And a few others with 50+ hours.

Non-Steam games:

Re-Volt
Minecraft
Age of Empires II
Morrowind


----------



## Ibuuyk (Dec 11, 2011)

If MMOs count, then Runescape with around seven years.

Also, Tales of Symphonia with around 300 hours.


----------



## Schwimmwagen (Dec 11, 2011)

I'm thinking of bumping my time on KF to 1,000 hours for no good reason.


----------



## Tyranous (Dec 11, 2011)

Morrowind, without a doubt.  I spent every single day, at least 8 hours every day, playing Morrowind for about 4 years straight before I started playing other games again.  Before Morrowind, it was probably MechWarrior 2 and Diablo 1.  Then I wasted 7 years on WoW, only the failure of Cata got me off there, now I waste my life on Minecraft and Skyrim.


----------



## SirRob (Dec 11, 2011)

I've probably put the most hours into Super Smash Bros. series, Pokemon and MapleStory. I think I've had 800 hours in Super Smash Bros. Melee, at least 300, probably more than 400 hours in Brawl, and I've had over 600 hours in Pokemon Diamond, plus at least 300 hours for Heart Gold and Black. Not to mention the originals, which I've spent a large chunk of my childhood playing. I don't know my hours for MapleStory, but it's probably past 1000. Tales of Symphonia and Final Fantasy Tactics Advance also have at least 300 hours in them.


----------



## RedFoxTwo (Dec 11, 2011)

Operation Flashpoint: Cold War Crisis (Now rebranded to ArmA: Cold War Assault). Four years and counting (not pure playtime obviously).


----------



## Lunar (Dec 11, 2011)

Pokemon, specifically Pokemon Emerald.  That cart is so worn it's not even funny.  Still playable, though.  

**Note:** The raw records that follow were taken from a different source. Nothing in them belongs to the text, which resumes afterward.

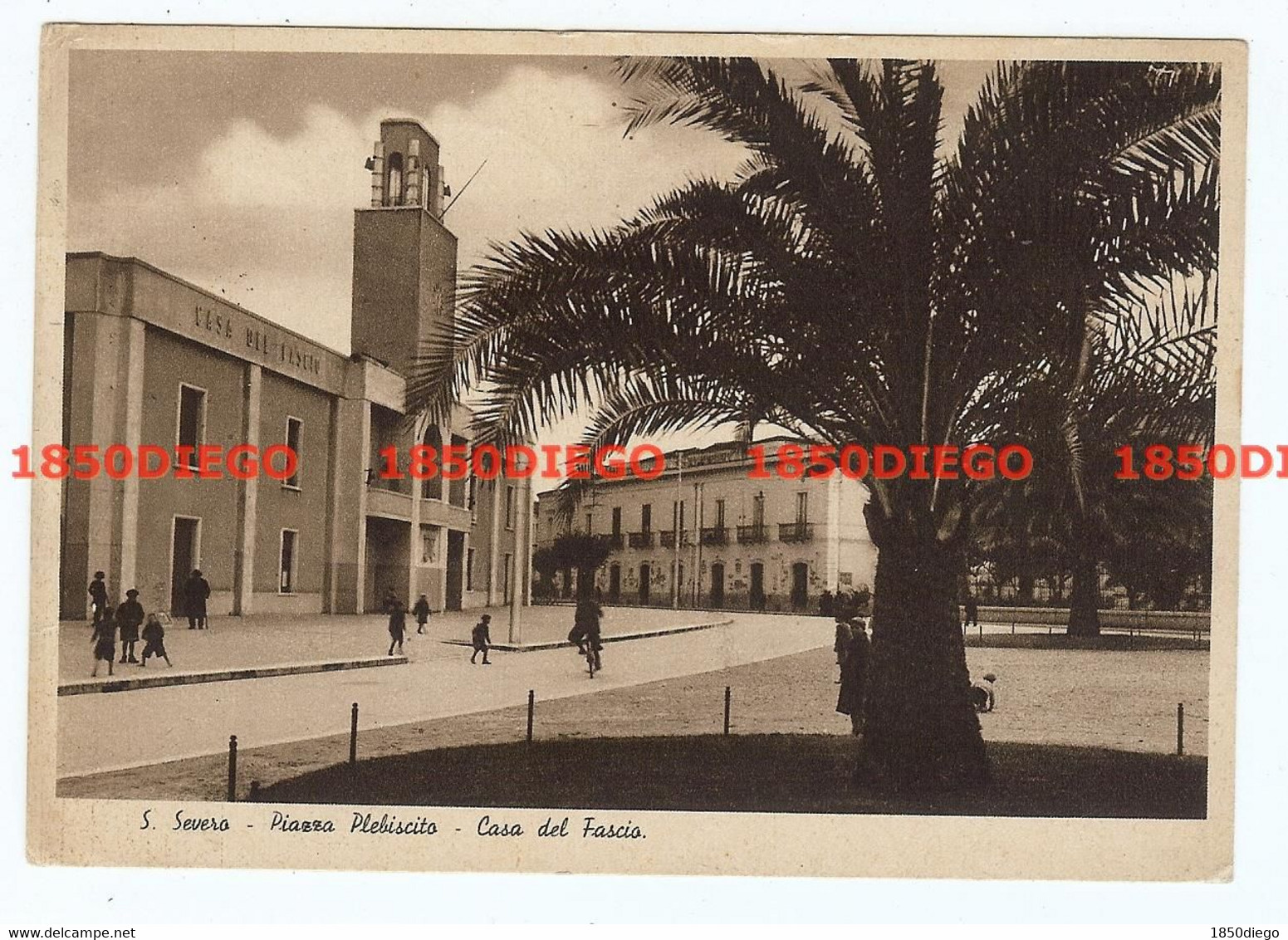 SAN SEVERO - PIAZZA PLEBISCITO - CASA DEL FASCIO F/GRANDE VIAGGIATA 1941 ANIMATA - San Severo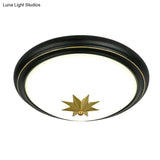 Retro Bowl Led Flush Mount Ceiling Light With Opal Glass - Ideal For Corridor Lighting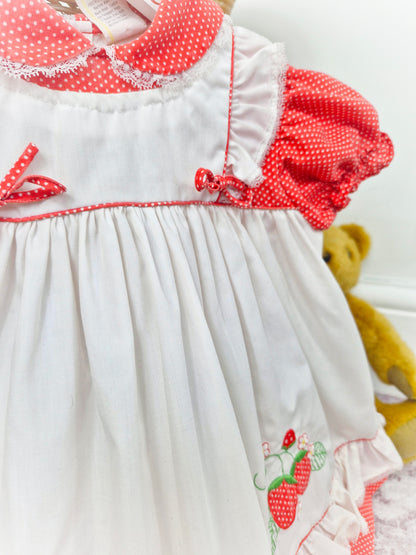 18-24 months. Red and white vintage strawberry dress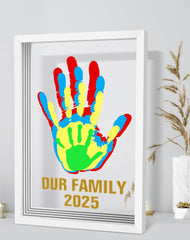 HinJaty Family Handprint Kit frame captures cherished memories in a framed keepsake.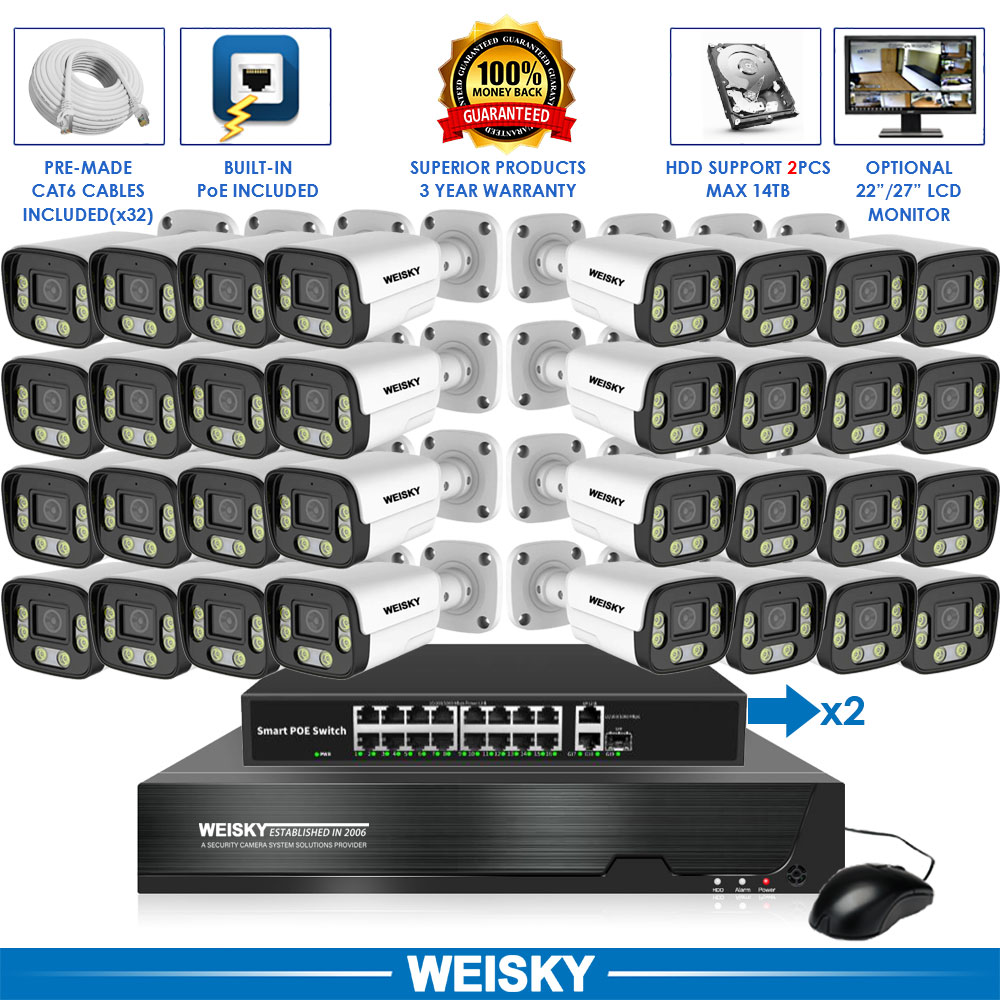 Security Camera System with 32 Bullet POE IP Security Cameras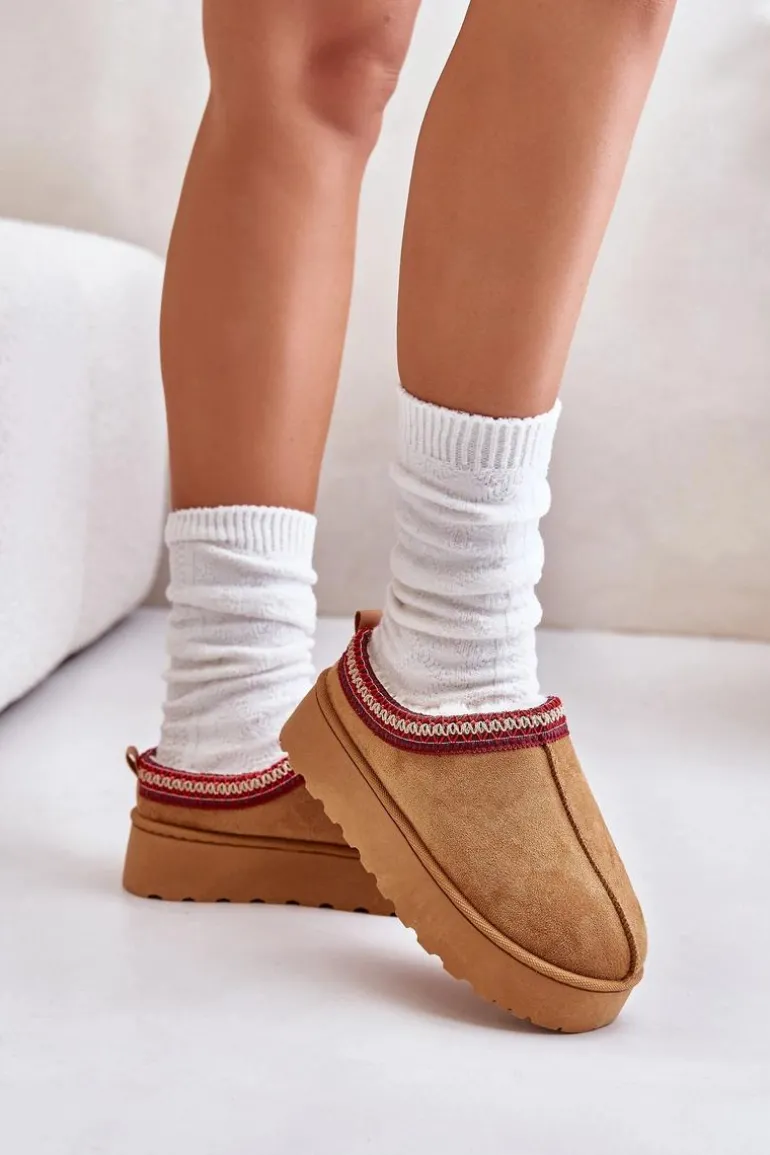 Śniegowce Damskie Na Platformie Ocieplane Futerkiem Camel Remenia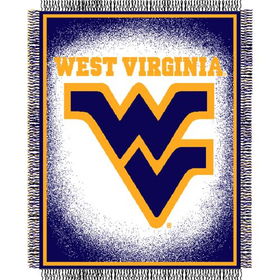 West Virginia Mountaineers NCAA Triple Woven Jacquard Throw (019 Focus) (48x60")"west 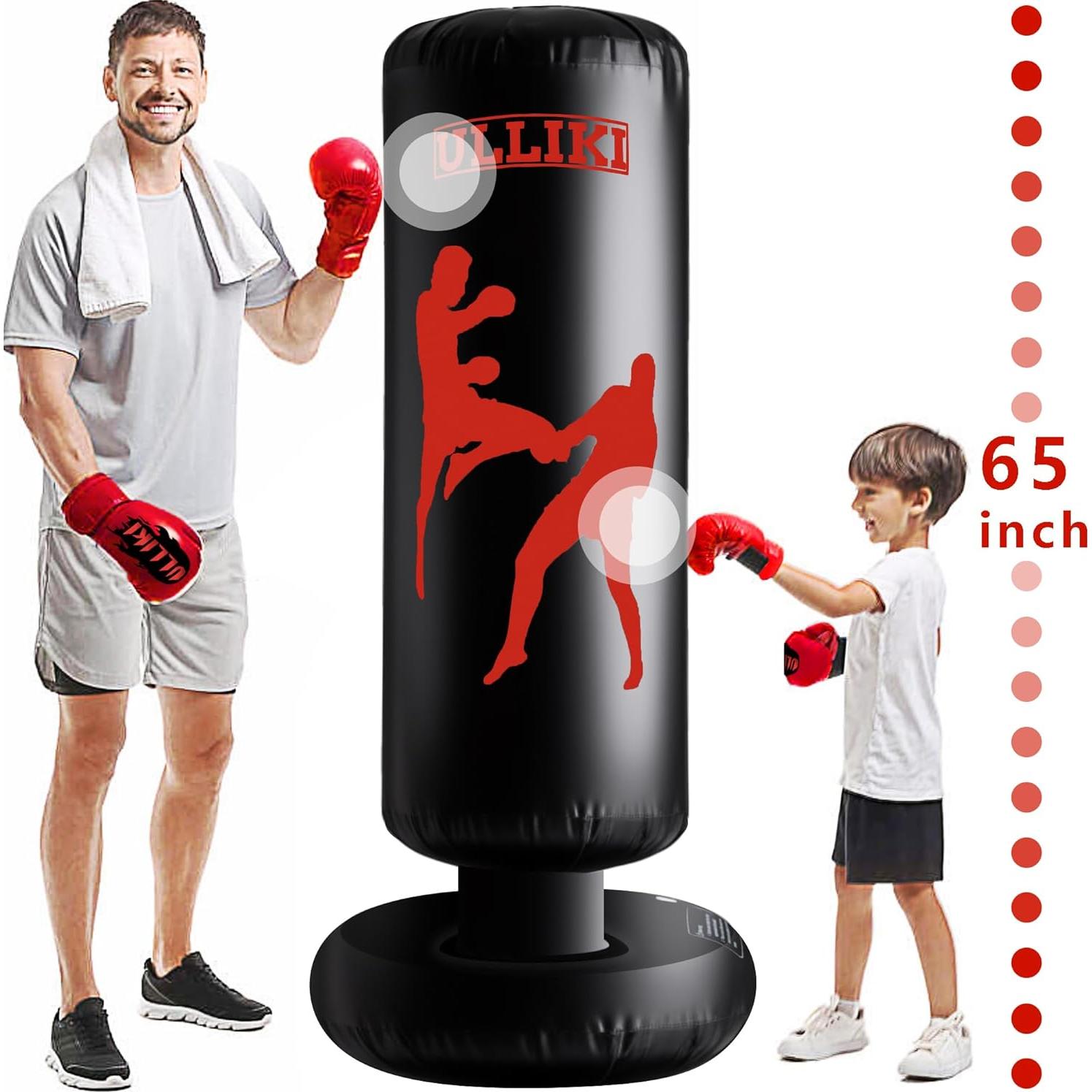 Saco de Boxeo ULLIKI 165 cm con Guantes para Adultos y Niños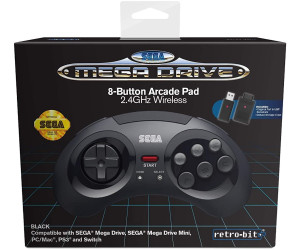 Retro Bit Sega Mega Drive 8-Button Arcade Pad 2.4GHz Wireless Black
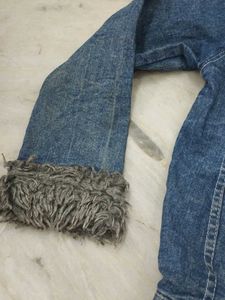 Denim Jacket with Fur Trim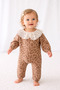 Baby Girl Leopard Patterned Brown Jumpsuit with Scallop Collar - 3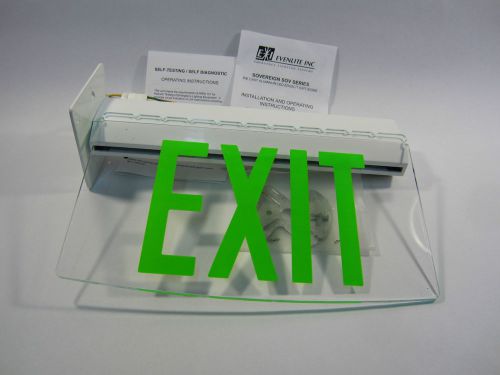 Nib evenlite inc. sovereign led exit sign sov-em-g-1c-wh-se-uc - fast ship for sale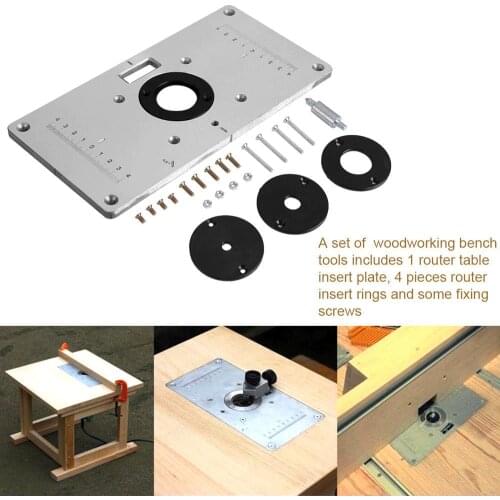 Router Table Plate 700C Aluminum Router Table Insert Plate + 4 Rings Screws for Woodworking Benches, 235mm x 120mm x 8mm 9.3inch
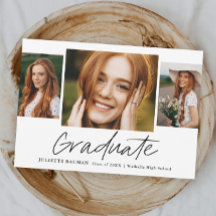 Modernes Script Graduate Einfach 3 Foto Abschluss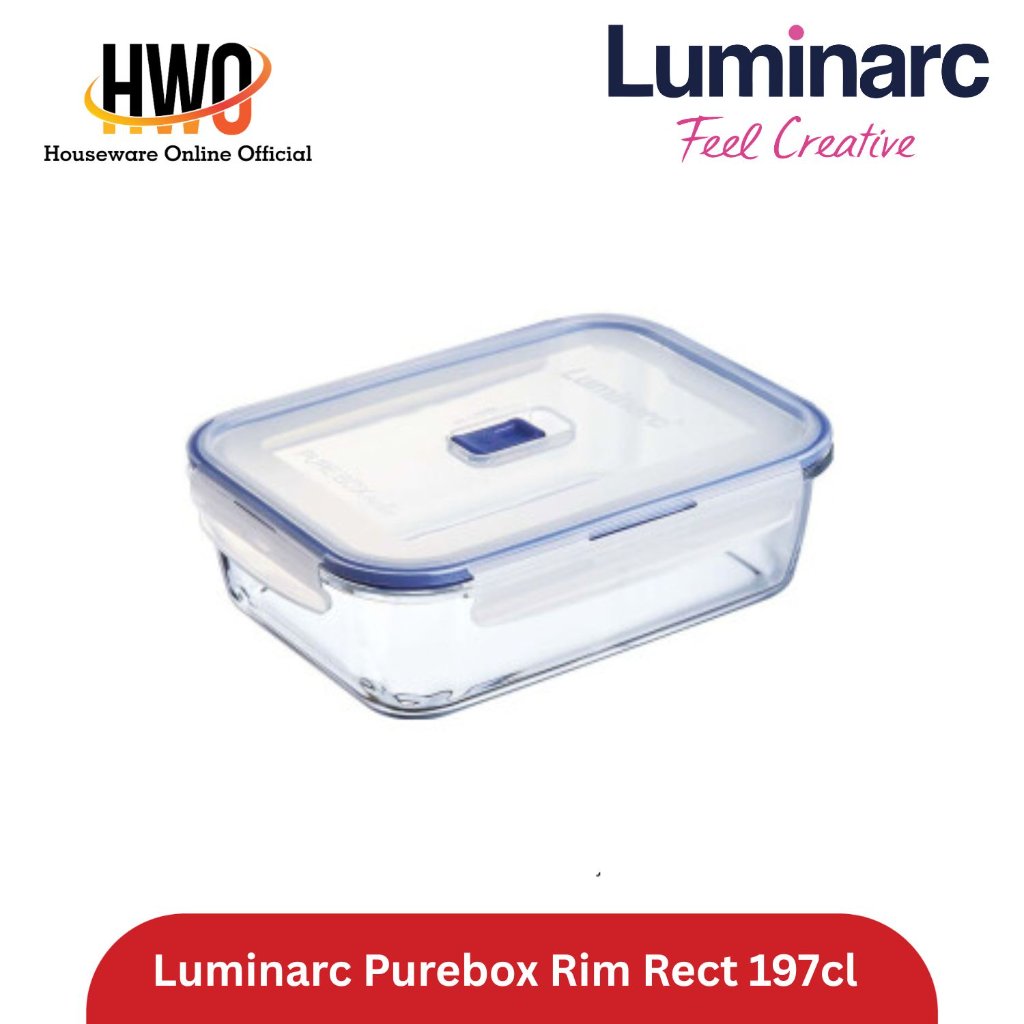 Luminarc Kotak Makan PureBox Rim Persegi Panjang 1970 ml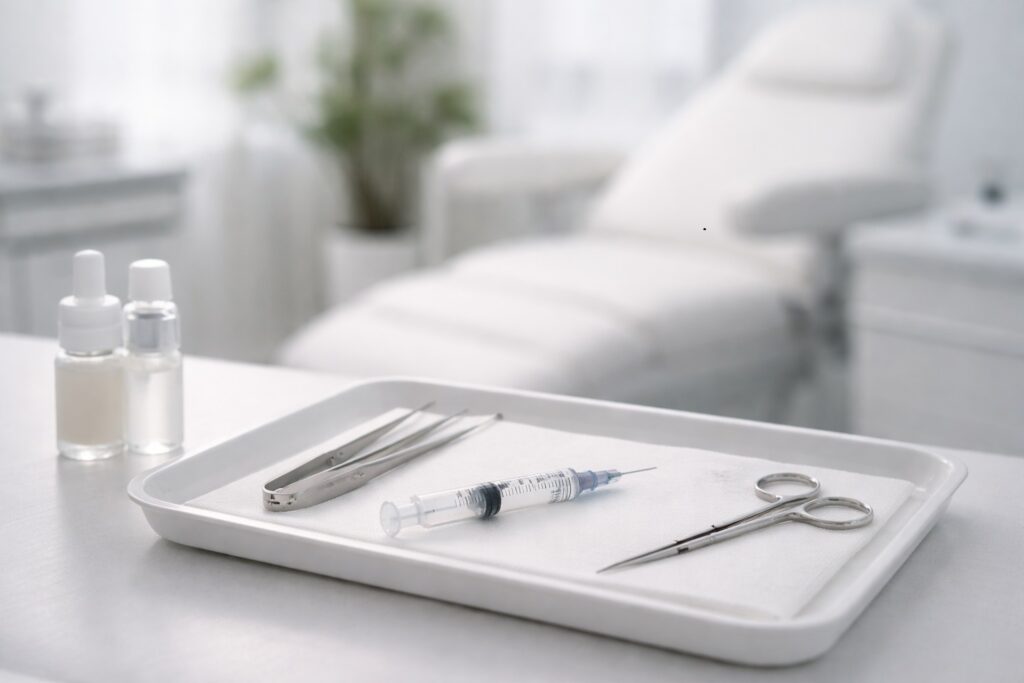 lip flip procedure clinic botox injection tools and aesthetic treatment environment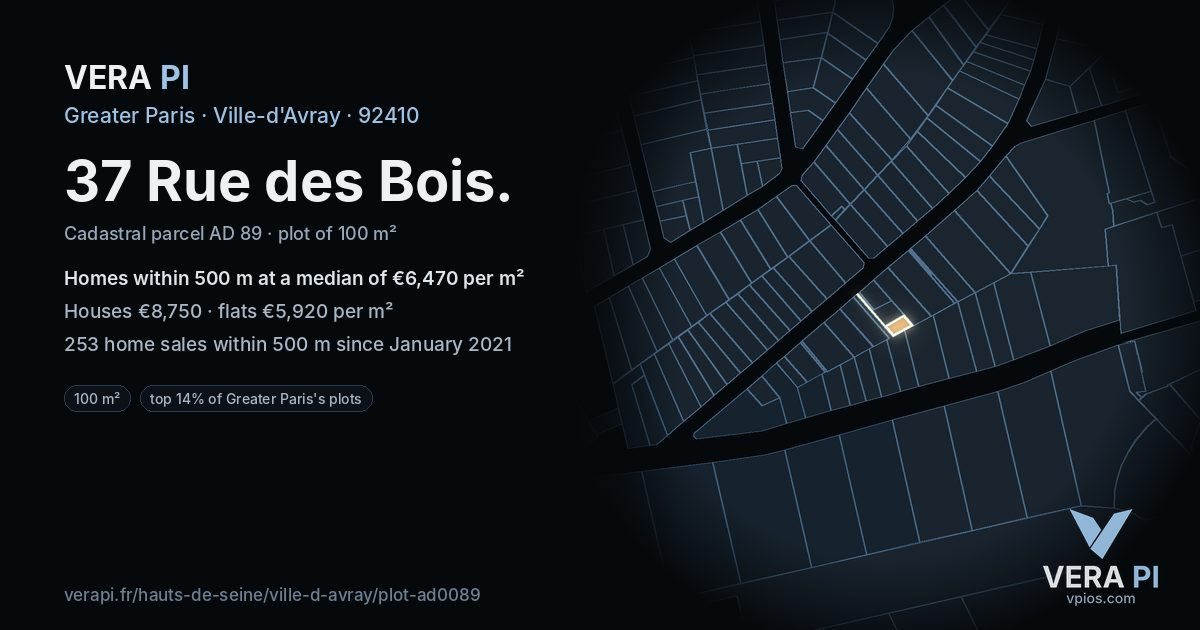 37 Rue des Bois, Ville-d'Avray at night – the plot lit, the parcels around coloured by the prices near them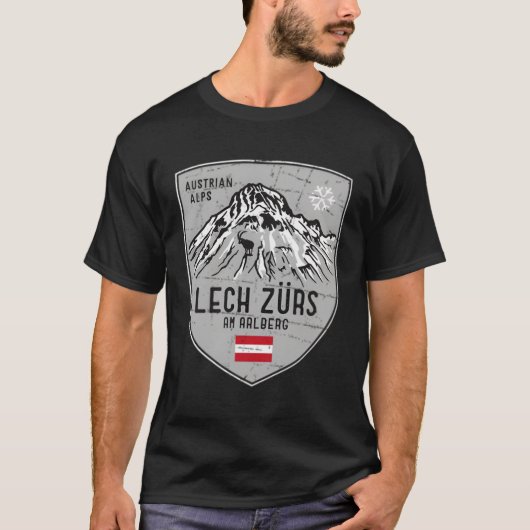 Lech Zurs Arlberg Oostenrijk Embleem T-shirt (Voorkant)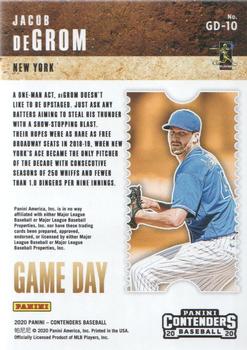 2020 Panini Contenders - Game Day #GD-10 Jacob deGrom Back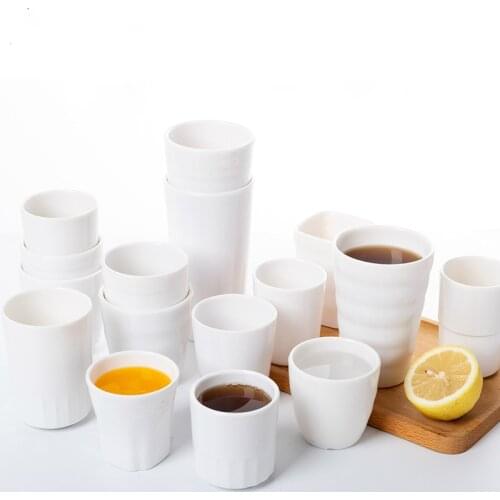 Coffee Cup Tea Cup Milk Cup White Fall-resistant Straight Restaurant Water Cups Creative Imitation Porcelain Plastic Cup Set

I love the first generation Pokemon (especially FireRed, 'cause yay better graphics than Red), but third gen will always be special to me; that's where I started getting really into Pokemon again after a 4 year period of being "meh" about it.

Edit: I haven't seen you post in ages, Rob.


----------



## Kisura (Dec 11, 2011)

I used to play outside more often, but then I took an arrow to the knee!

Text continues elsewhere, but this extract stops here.